Learning Go – Day 7

Featured image by Egon Elbre

  • Counting words or lines from stdin.
    • os.Stdin implements the io.Reader inteface.
    • bufio.Scanner can be used to iterate over words (ScanWords), lines (ScanLines), runes [aka Unicode characters] (ScanRunes) or bytes (ScanBytes).
import (
	"bufio"
	"io"
	"os"
)

func count(r io.Reader, countLines bool) int {
	scanner := bufio.NewScanner(r)

	if !countLines {
		scanner.Split(bufio.ScanWords)
	}

	wc := 0

	for scanner.Scan() {
		wc++
	}

	return wc
}

// Count words
count(os.Stdin, false)
// Count lines (\n) [except the trailing one]
count(os.Stdin, true)
  • Playing well with others the Unix way. Meaning write error messages to stderr (and not stdout) and return non zero exit codes.
if err := someOperation(); err != nil {
		fmt.Fprintln(os.Stderr, err)
		os.Exit(42)
}
  • The arguments passed to a go application can be accessed with os.Args (which is declared as var Args []string in the os package). Remember item 0 is the path of the application and thus you can use Args[1:] to return the slice of only the passed arguments.
  • Visual Studio Code can easilly navigate to the source code for any standard library by just Cmd+Click on the name.
  • You can determine the platform the app is running on by querying things from the runtime package. For example runtime.GOOS == "windows".

Unit-testing

Generally all .go files in the same directory has to belong to the same Go package except for unit-tests that are allowed to belong to a different package. This helps ensure that your package only exports the types and functions/methods as you intended and thus the unit-test can only import what you exported.

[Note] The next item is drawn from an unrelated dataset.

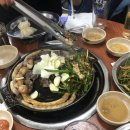 능동곱창 이미지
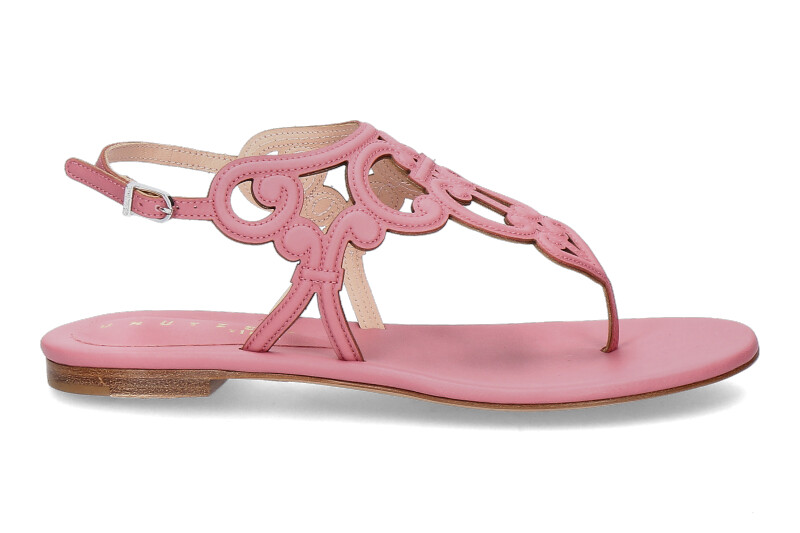 unuetzer-sandal-7725-mousse-peonia_281900357_3 unuetzer-sandal-7725-mousse-peonia_281900357_3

Convention is to name unit-test files with the _test.go suffix and also for the package name.

Example: main.go will be unit-tested with main_test.go and that has a package main_test as the first line.

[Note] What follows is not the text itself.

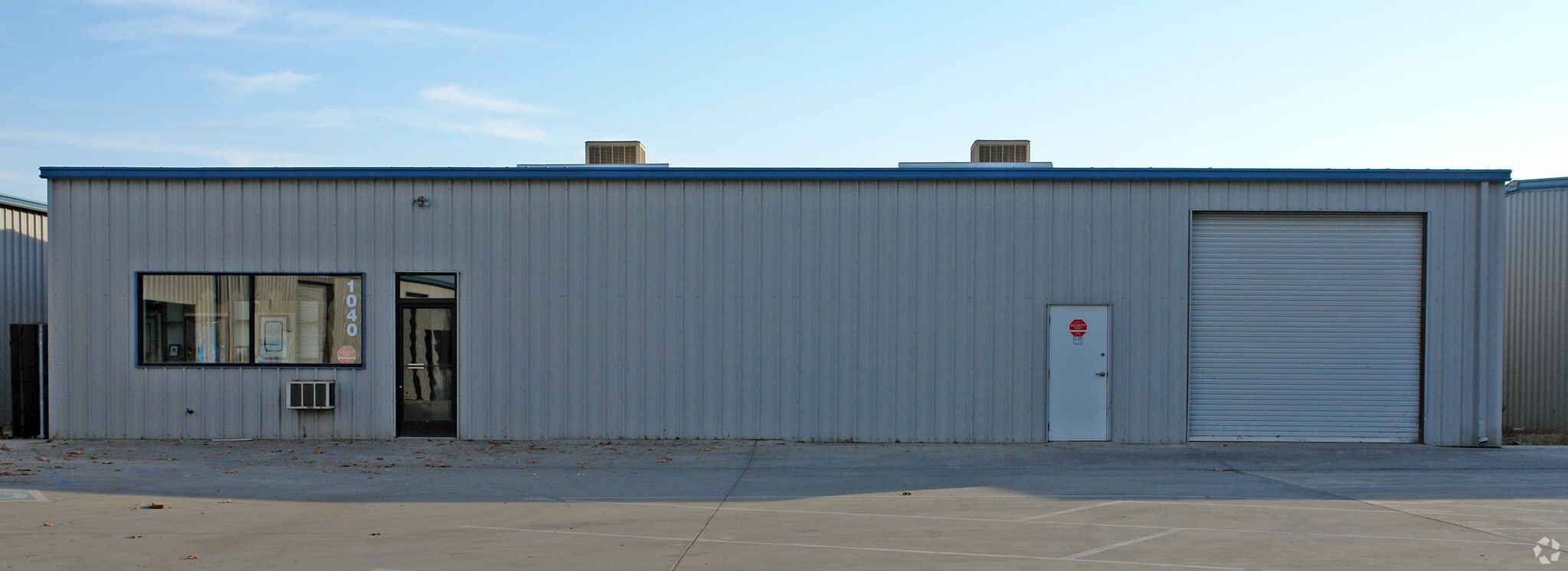 1040 N Marcin St, Visalia, CA for Rent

  • Tests can be run with more verbosity.
$ go test -v
=== RUN   TestOne
--- PASS: TestOne (0.00s)
=== RUN   TestSomething
--- PASS: TestSomething (0.00s)
=== RUN   TestTwo
--- PASS: TestTwo (0.00s)
PASS
ok      todo    0.097s

$ go test -v
=== RUN   TestOne
--- FAIL: TestOne (0.00s)
...
  • Visual Studio Code makes unit-testing really nice and even does code coverage with highlighting the code that was covered.

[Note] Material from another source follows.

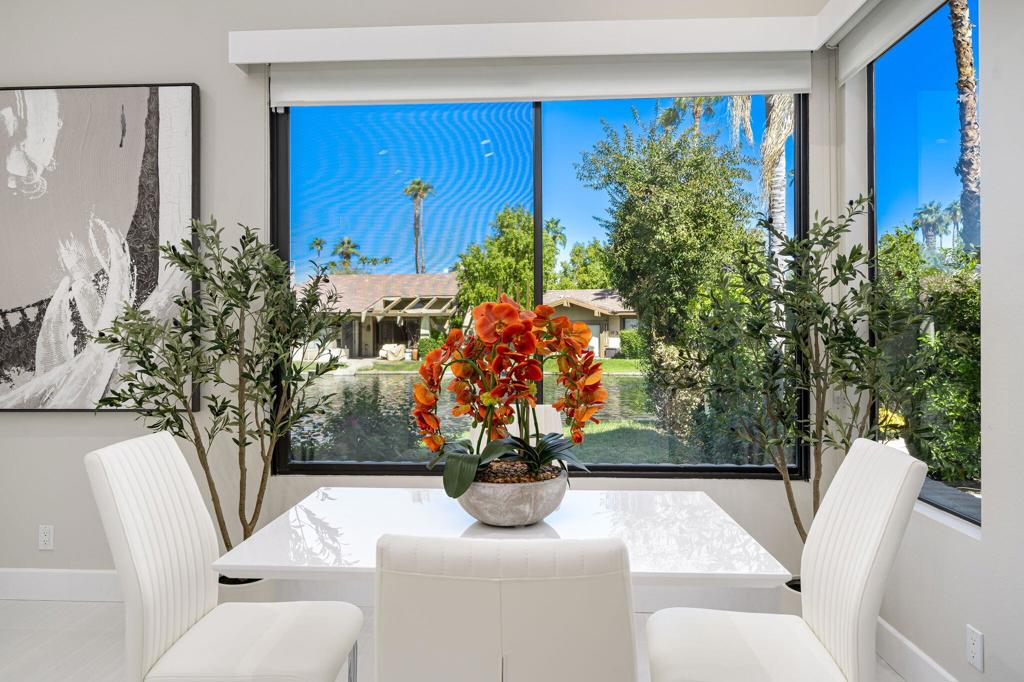 MLS #219138297DA image #9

  • Tests can be run with code coverage and a specified timeout. This is what VS Code uses.
$ go test -timeout 30s -coverprofile=/path/to/codecoverage packagename
  • To run an individual test. Note that you actually specify a regex of which tests to run. In this case a function matching “TestAdd” in the package “todo”.
$ go test -timeout 30s -run ^TestAdd$ todo
  • Example of a unit-test function. Note that unit-tests are declared with a prefix “Test” and the argument is (t *testing.T).
package todo_test

import (
	"testing"
	"todo"
)

func TestAdd(t *testing.T) {
	// Do something you want to test
	...

	if result != expected {
		t.Errorf("Expected %q, got %q\n", expected, result)
	}
}
  • To see an awesome way of doing an integration test of your CLI app, by which the unit-test compiles the app, runs and test the app. See the code for “interacting/todo/cmd/main_test.go” from this book’s source code.
  • You can place resource files to be used by your tests in a special directory called testdata. The Go tooling will ignore these files.